## The task
For the entries below, the result should be an exact transcription of the lines from the one with "Portable outdoor Bluetooth" up to and including the one with "3-Pack Women's Cropped", and only those.

*** Opening Records for this exercise ***

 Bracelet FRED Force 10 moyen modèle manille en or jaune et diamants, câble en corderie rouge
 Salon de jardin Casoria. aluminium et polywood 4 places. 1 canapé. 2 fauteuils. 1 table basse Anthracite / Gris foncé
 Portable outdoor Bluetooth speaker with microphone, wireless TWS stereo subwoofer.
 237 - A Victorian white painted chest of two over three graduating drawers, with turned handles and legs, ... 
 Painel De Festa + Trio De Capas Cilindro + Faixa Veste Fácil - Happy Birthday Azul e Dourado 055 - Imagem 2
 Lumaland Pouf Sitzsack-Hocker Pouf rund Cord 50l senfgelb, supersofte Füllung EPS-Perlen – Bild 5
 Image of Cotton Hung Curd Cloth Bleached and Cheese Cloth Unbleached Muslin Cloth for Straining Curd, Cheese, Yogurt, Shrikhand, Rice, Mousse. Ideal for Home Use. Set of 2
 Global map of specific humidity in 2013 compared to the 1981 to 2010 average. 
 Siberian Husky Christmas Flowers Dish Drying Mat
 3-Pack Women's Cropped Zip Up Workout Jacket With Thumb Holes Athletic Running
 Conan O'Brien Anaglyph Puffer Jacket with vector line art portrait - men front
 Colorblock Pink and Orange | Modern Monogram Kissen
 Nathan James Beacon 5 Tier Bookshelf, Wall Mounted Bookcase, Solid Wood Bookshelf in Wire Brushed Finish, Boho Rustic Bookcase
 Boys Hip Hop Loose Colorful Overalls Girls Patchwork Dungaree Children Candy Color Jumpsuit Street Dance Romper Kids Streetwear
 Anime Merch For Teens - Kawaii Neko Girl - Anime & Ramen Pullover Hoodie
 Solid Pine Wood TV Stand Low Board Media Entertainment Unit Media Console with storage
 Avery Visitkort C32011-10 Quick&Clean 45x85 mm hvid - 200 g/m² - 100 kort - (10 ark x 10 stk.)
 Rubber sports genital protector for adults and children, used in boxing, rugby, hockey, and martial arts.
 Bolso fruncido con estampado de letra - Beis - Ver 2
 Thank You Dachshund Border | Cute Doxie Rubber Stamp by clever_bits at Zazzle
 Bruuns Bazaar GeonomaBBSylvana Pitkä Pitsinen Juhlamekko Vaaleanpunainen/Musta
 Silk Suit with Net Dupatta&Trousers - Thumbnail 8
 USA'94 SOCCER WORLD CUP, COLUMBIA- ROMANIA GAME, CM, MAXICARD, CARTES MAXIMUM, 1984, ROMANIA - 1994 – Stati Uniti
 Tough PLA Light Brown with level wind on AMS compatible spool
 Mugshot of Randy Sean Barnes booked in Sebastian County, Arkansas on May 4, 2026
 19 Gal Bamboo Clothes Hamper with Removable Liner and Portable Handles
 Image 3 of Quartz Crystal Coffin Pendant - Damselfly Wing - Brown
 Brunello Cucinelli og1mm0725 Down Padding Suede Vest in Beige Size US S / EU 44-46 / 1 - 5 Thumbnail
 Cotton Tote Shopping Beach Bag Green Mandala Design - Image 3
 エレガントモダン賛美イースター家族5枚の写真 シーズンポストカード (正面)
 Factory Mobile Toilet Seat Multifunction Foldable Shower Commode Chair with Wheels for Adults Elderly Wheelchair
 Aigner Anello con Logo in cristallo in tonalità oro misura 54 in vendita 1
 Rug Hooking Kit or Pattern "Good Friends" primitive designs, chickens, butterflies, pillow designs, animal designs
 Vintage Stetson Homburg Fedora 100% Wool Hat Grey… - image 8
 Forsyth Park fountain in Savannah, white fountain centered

*** Closing Records for this exercise ***

## Finished task
 Portable outdoor Bluetooth speaker with microphone, wireless TWS stereo subwoofer.
 237 - A Victorian white painted chest of two over three graduating drawers, with turned handles and legs, ... 
 Painel De Festa + Trio De Capas Cilindro + Faixa Veste Fácil - Happy Birthday Azul e Dourado 055 - Imagem 2
 Lumaland Pouf Sitzsack-Hocker Pouf rund Cord 50l senfgelb, supersofte Füllung EPS-Perlen – Bild 5
 Image of Cotton Hung Curd Cloth Bleached and Cheese Cloth Unbleached Muslin Cloth for Straining Curd, Cheese, Yogurt, Shrikhand, Rice, Mousse. Ideal for Home Use. Set of 2
 Global map of specific humidity in 2013 compared to the 1981 to 2010 average. 
 Siberian Husky Christmas Flowers Dish Drying Mat
 3-Pack Women's Cropped Zip Up Workout Jacket With Thumb Holes Athletic Running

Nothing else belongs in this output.